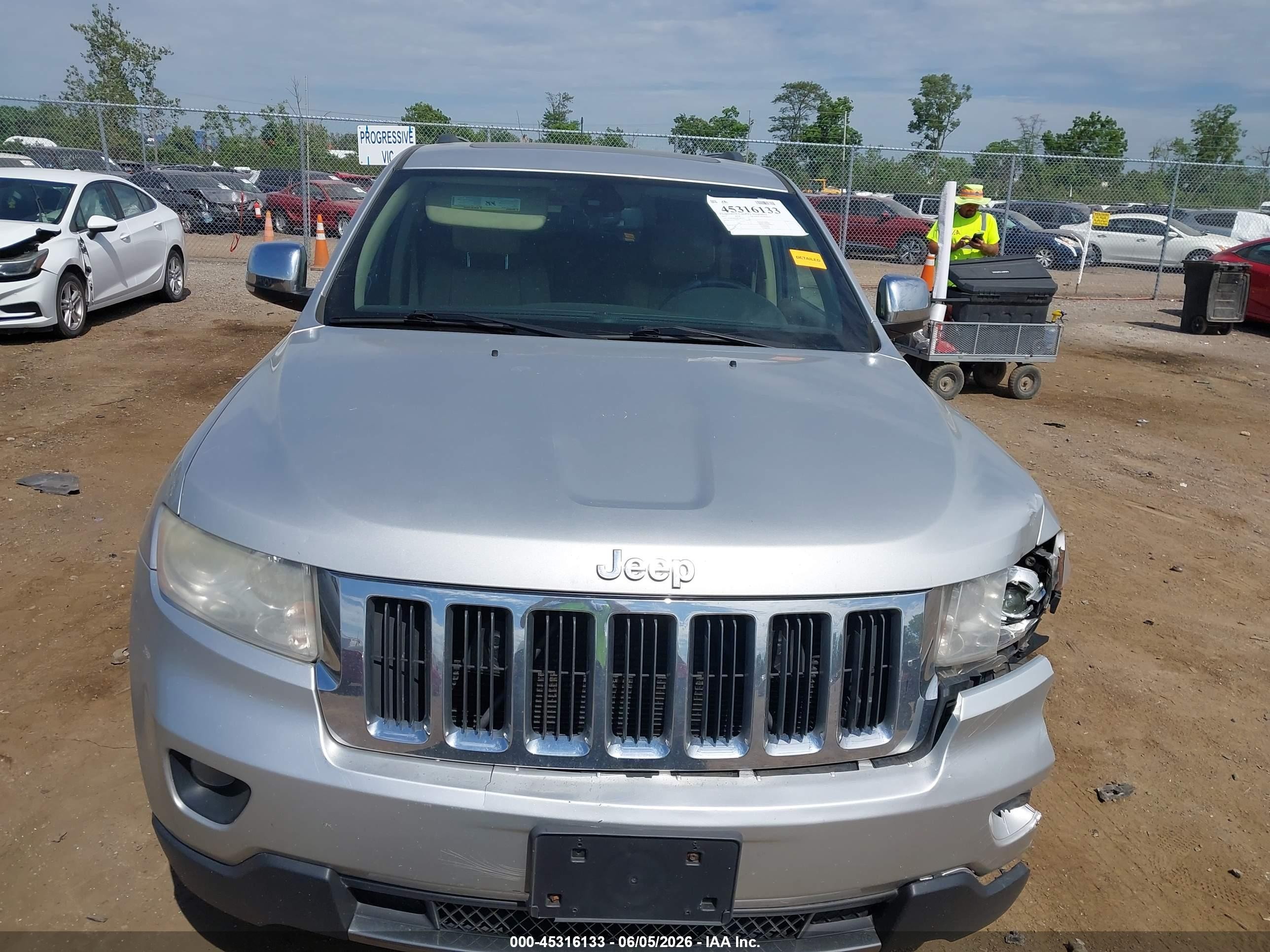 2013 Jeep Grand Cherokee Limited Silver vin: 1C4RJFBG2DC582141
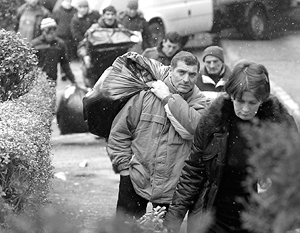 Беженцев насильно выселили из домов посреди зимы
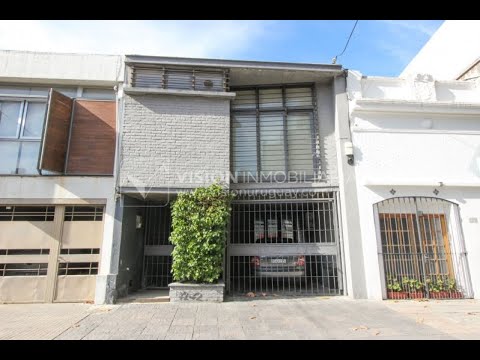 Casa de diseño, Padrón Único, Pocitos; 2 dorm en Suite, enorme salón doble altura, terreno 219 m2 con buen fondo y parrillero, 203 m2 construidos, Garaje.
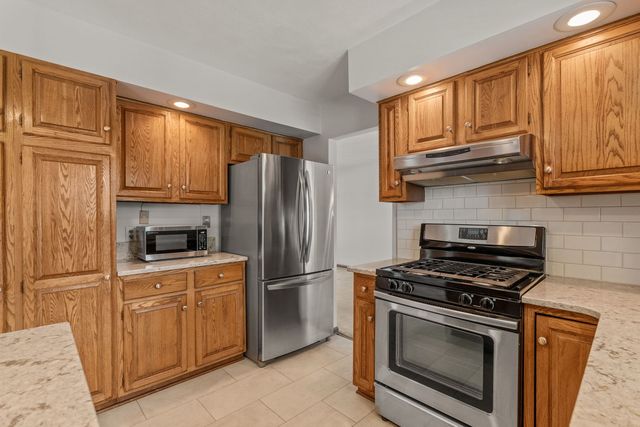 2331 E 33rd Street, Davenport, IA 52807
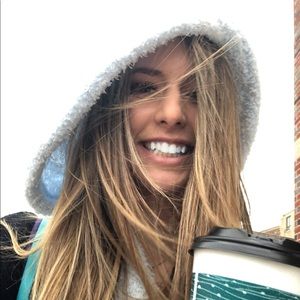 Meet your Posher, Meagan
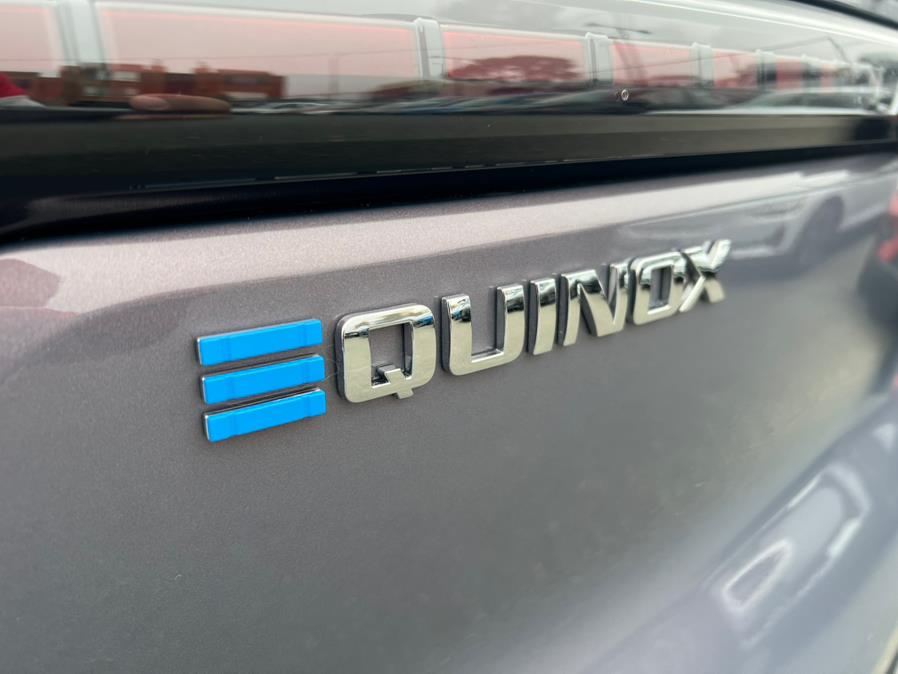 2024 Chevrolet Equinox EV 2LT FWD photo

• • • • •

**PROBLEM STATEMENT**
The material above should be repeated word for word, with every picture omitted.

**RESPONSE BELOW**
 2013 Jeep Grand Cherokee Limited Silver vin: 1C4RJFBG2DC582141
 Беженцев насильно выселили из домов посреди зимы
 Casa de diseño, Padrón Único, Pocitos; 2 dorm en Suite, enorme salón doble altura, terreno 219 m2 con buen fondo y parrillero, 203 m2 construidos, Garaje.
 2331 E 33rd Street, Davenport, IA 52807
 Meet your Posher, Meagan
 2024 Chevrolet Equinox EV 2LT FWD photo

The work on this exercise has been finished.